友人を失ったまま、辺境のどこかに閉じ込められるか、はたまた魔物の餌か。



*****



あれから直ぐに俺は辺境の地へ戻された。

そこから約2ケ月。謹慎だとか何とかでずっと地下牢に入れられた。

もちろん親父にボッコボコにされた後だ。


はぁ、何やってんの俺。

情けなくて泣いた。

でも、やっちまった事は覆らない。

領主は弟が継げばいいか…俺は死ぬまでここでも良いか…ってちょっぴり開き直っても居た。

図太いんだよな俺…。


「謹慎を解くのは話し合ってからだ」


久し振りに地下牢にやって来た親父にそう言われて、2か月振りに外に出る事が許された。身ぎれいにされた俺は着替えさせられて応接室へと案内された。

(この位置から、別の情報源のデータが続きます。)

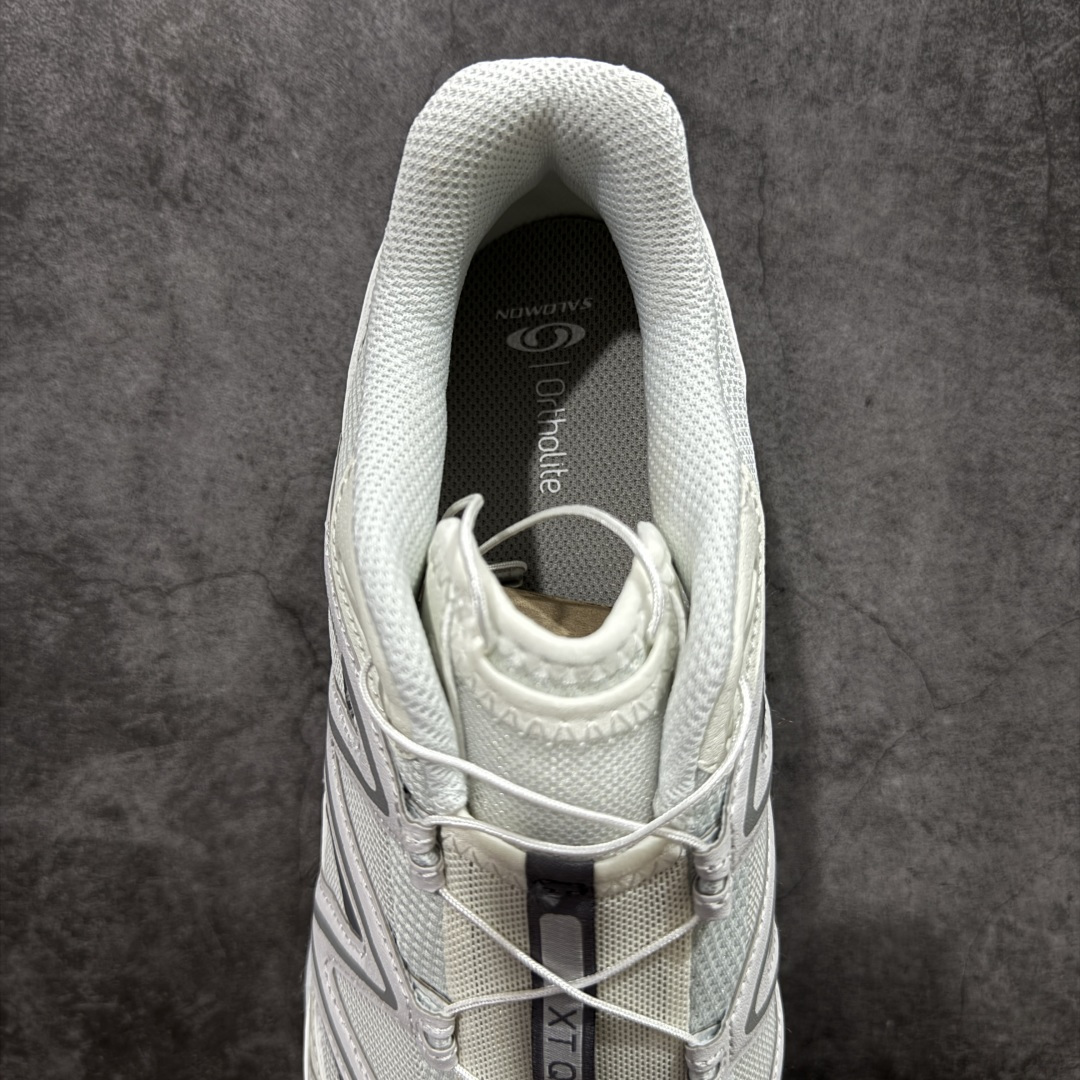 图片[8]-【绿x升级版】Salomon XT-QUEST Autumn Breeze 萨洛蒙情侣款户外机能鞋 白灰 491324 全新绿x升级版 品质大改进 ‼️ 全鞋改进为原厂一致材料打造 全新修长鞋型 相对老版臃肿鞋型 此版的版型更正 全新玻璃冲刀 清洁度提升 同步原版左右鞋带孔的间距加大（之前老版间距太小） 网面与鞋头材料校对一致无色差（老版网面有色差） 鞋后跟反口V字定型同步zp（老版臃肿为U字后跟反口） 鞋舌两侧鞋帮脚踝处更加直挺（之前老版往中间踏） 鞋盒黑盒改正为原版牛皮纸鞋盒 鞋头处添加☯️太极标 所有细节多次修改校正 坚持同步原版无差别 毋庸置疑全市场最好的版本💪🏻终端优势供应 尺码：36-46-选品中心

話し合いって…親父の部屋じゃないのか?って少し疑問に思ったけど、もしかしたらどこかへ養子に出されるかも知れないな…なんてどこかで冷静に考えていた。



案内された扉の向こうには、涙と鼻水でぐずぐずになった婚約者がいた。


「貴方は本当に、本物のバカですわ!!」


打たれた頬がジンジンと熱を持つ。


ぐちゃぐちゃな顔でも美人だな…なんて思っていたら、彼女の碧眼の奥にある熱に、自然と何かが零れ落ちてきた。


「…すまない…」


俺は…本当に、本物のバカだったんだな。

フローラ、お前、俺の事が本当に好きだったんだな。


そんなフローラを見ている俺もずっとお前の事が好きだったんだな。

当たり前のようにそばに居たから、目の前にある大切なものがずっと見えていなかったんだな。



数日後、俺はまた応接室へ通された。


「待っていなさい」


そう言われて一人にされた。


はぁ…どうなるかな…。

いや、俺の事はどうでも良い。

アビー。アビーは大丈夫なのか?

フローラは?フローラはどうなるんだ?


ぐるぐると考えていたら、目の前に青年が座った。


「あ…」


それは数か月前に辛そうに、悲しそうに俺を見ていた王子だった。


「婚約を申し込んだ」

「…は?」


一瞬何を言われたか意味が分からなかった。


「アビー…アビゲイル嬢に求愛した。彼女と添い遂げる」

「はぁぁ?なんだそれ⁉」」


俺は思わず立ちあがってしまった。


「クックック、それが地のほうか?」


王子が笑いながら聞いてくる。


「は、いや…その…」


俺は静かに席についた。


「お前、拗らせ過ぎじゃないか?」

「…」


額にジトっとした汗が出る。


「何か決める前は、婚約者に相談する方が良いな…」

「…」


婚約者のバカと言う声が聞こえる。

王子は、ふぅと小さく息を吐いた。


「まぁ、あれだ。アビーはこの地の風が似合う。時折尋ねにくるつもりだから、その時は領主としてフローラ夫人と盛大に持て成してくれ」

「…っ!」


そう言った王子の顔をゆっくり見上げると、目の前の瞳は、フローラと同じ碧い色だった事に初めて気が付いた。




*****




あれから20年。

辺境の短い夏が始まった。


「今年はどうだろう」


秋の乾いた風が好きだと言っていた陛下は今年はこられるだろうか。


「今年は来られると思うわ」

「うん。お前の瞳はいつ見ても美しいな」

「はぁ?何言ってんの!バカじゃないの!」


年を重ねても彼女は変わらない。


「そうそう。俺はバカなんだ」

「はぁ、知ってます…」

「だからフローラしか無理だ」

「っ!」


そう言って彼女を抱きしめてフローラの肩で頭をぐりぐりと押しつける。


「止めなさいって!」


慌てる彼女の顔を、あははと笑ってのぞき込めば、その瞳は真っすぐに俺を映していた。


「愛してるぞ!」


大きな声でそう叫べば、いつものように乾いた風が髪を頬を駆け抜ける。

何度見ても、沈む夕日の逆光の中でも、彼女の目は、俺の心を捉えて離さない。


いつ見ても彼女の碧の眼は真っすぐで熱くて、そして美しい。